The reality of this push back forced me to confront our learning community with compassion and with grace; we needed a new plan, and I clearly understood that our teachers had more pressing needs than modifying the nature of their gradebooks. Our students needed extensive practice working with tools for reading comprehension, and the almighty crisis of finding a purpose for school itself was more relevant than ever; this was not the year of the rubric. With this in mind, I sought counsel from trusted colleagues in the department — two of which were already working as members of a “Literacy Team” — and I embraced the Lead by Learning model to take a step back from the intellectual ambitions of August and ground myself in the practice of Public Learning, as a listener and a facilitator. 

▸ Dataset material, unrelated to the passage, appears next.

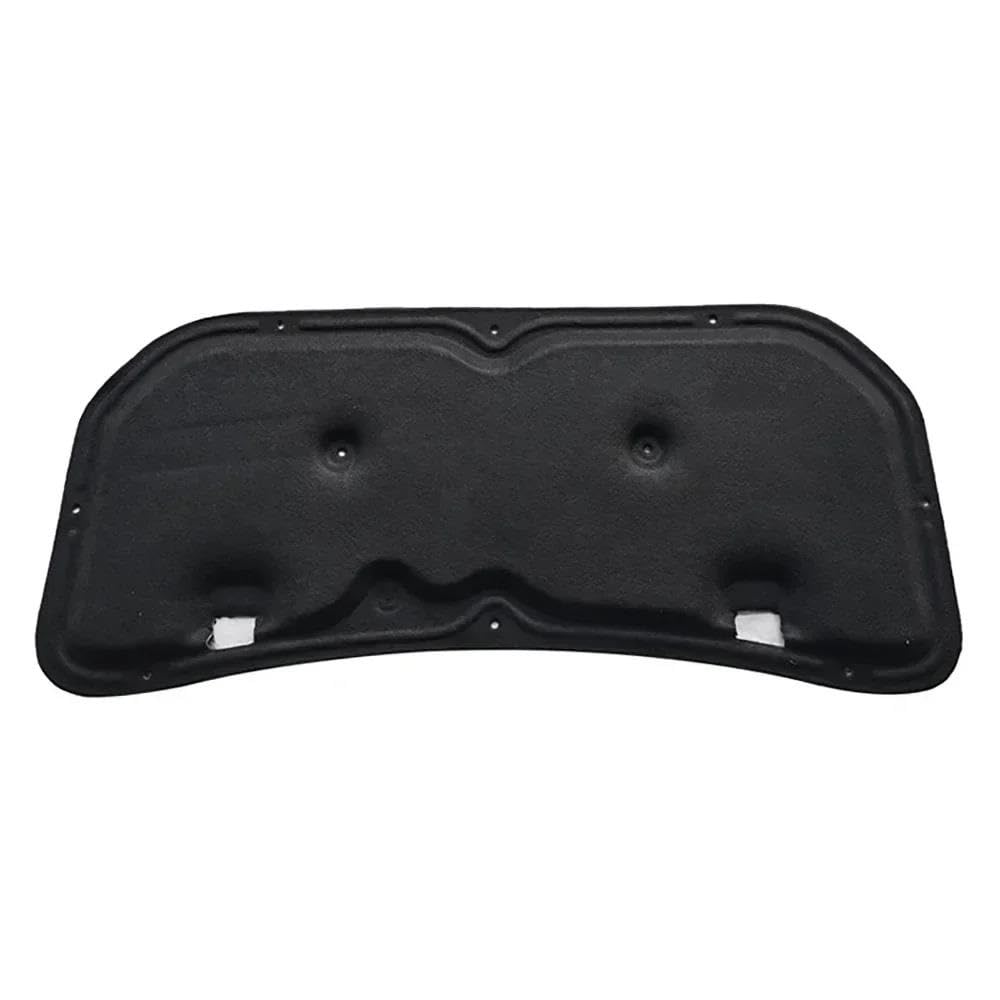 Insonorisant capot moteur pour Mazda CX-3 2014-2018 anti-bruit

In two or three strategic one-on-one meetings with my focal group of teachers, we made a plan for using our department meeting time as an opportunity for an open-ended analysis of student work. We would share, but we would not feel the need to calibrate the essays on a rubric and get into the weeds about all those finer points regarding grammar, structure, and citation. We talked about emerging trends in small grade level teams and identified one common “literacy” strategy per team, such as the use of graphic organizers to show reading comprehension. My team felt heard with this pivot, and we got to work in the spring sharing resources around a small and manageable goal: give students improved access to our content so they can better identify with what they are reading and writing about.

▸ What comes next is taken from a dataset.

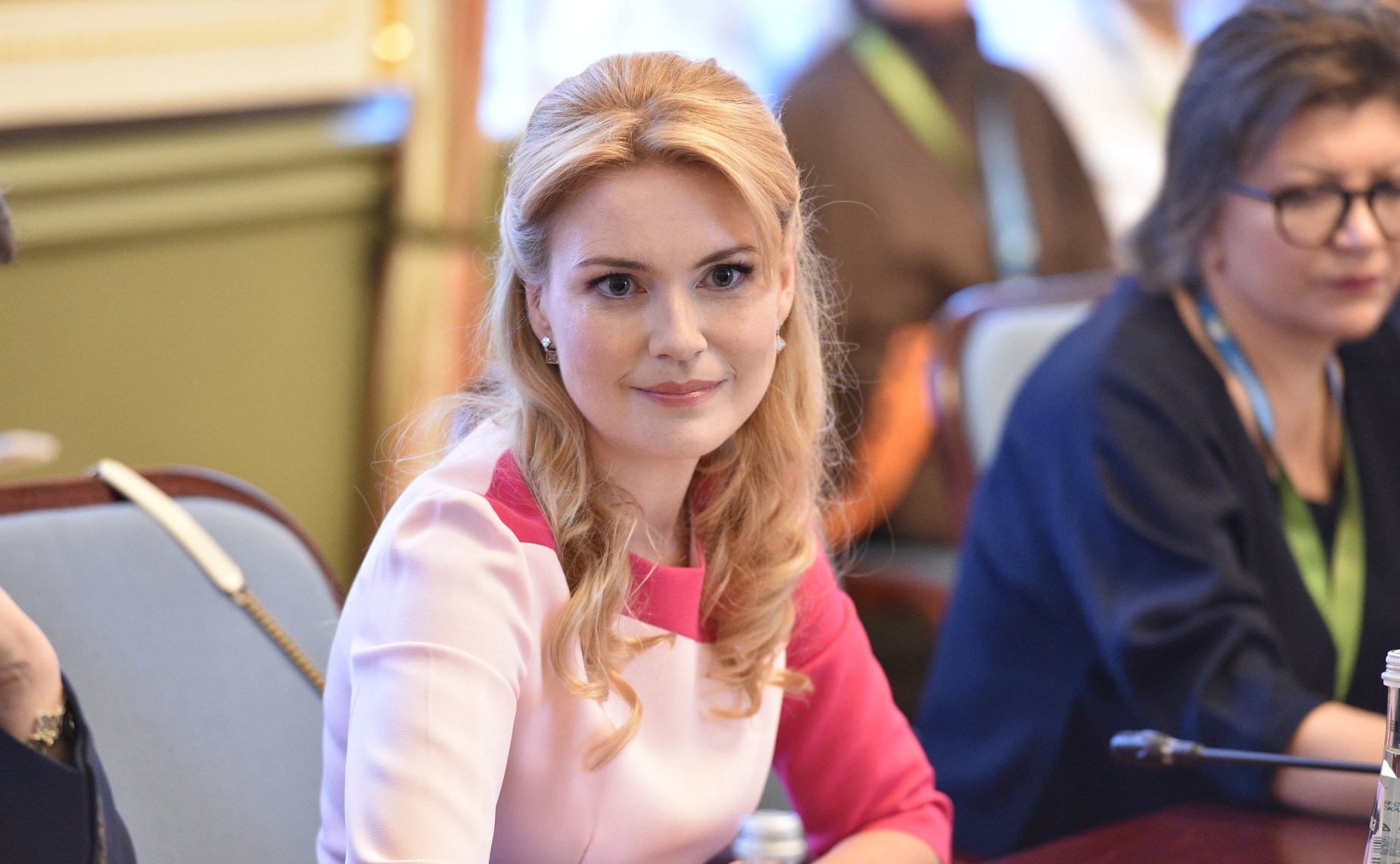 Дарья Лантратова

Moving into the final quarter of the school year, I followed up about the implementation of our common literacy strategies with a tenacious first-year English teacher. She expressed new feelings of comfort coming to meetings discussing and sharing her own student work. All the emotional tension bubbling up during the first half of the school year, arguing with students about how they were graded in her classroom, gave way to extended tutoring sessions where she was able to find ways to differentiate the graphic organizers for different levels of readers. Her students may not have reached higher scores on a standardized test, but she was reaching more of them in a more meaningful exchange of learning. Literacy over mastery. 

A New Vision

In the post pandemic age of educational leadership, we must start to tell a story about our priorities, about listening and knowing when to shift our focus as leaders. We can only collect so much data of dissension and learning loss before new practices must be initiated, before new narratives about how to reach our students must be forged.

As I step away from four years of leadership as English Department Chair, I look back most fondly on the supportive teamwork and the shared responsibility developed by my colleagues. My shift in focus allowed a department that lost two staff members throughout the school year to find common ground for productive discussion and pathways for direct implementation of improved classroom strategies. My original goal mattered little in the end, and the new goal was just a beginning; so with this foundation, I hope that De Anza’s English Department will:

  • Focus on gathering internal reading data based on their own original assessments and graphic organizers
  • Read more with their students in the classroom to garner literacy in real time
  • Collaborate to make simple realizable goals that can be implemented in small teams before being administered to the entire group
  • Continue being more open and vulnerable as fellow humans sharing a common struggle

Nathan Nugent taught English at De Anza High School in Richmond, CA from 2016-2022. A graduate of San Francisco State University’s school of journalism, Nathan traveled and wrote as a cultural reporter before entering Sonoma State University’s Credential program in 2014 to begin his career in education. When not buried in a book or out hiking on another road trip, Nathan spent four years working as English Department Chair leading his colleagues in collaborative inquiry. For the 2022-2023 school year, Nathan has transitioned to full-time graduate study in the department of Rhetoric and Writing Studies at San Diego State University. He has been accepted to begin teaching first-year college composition as a Teaching Associate at SDSU and plans to earn his MA by the spring of 2024.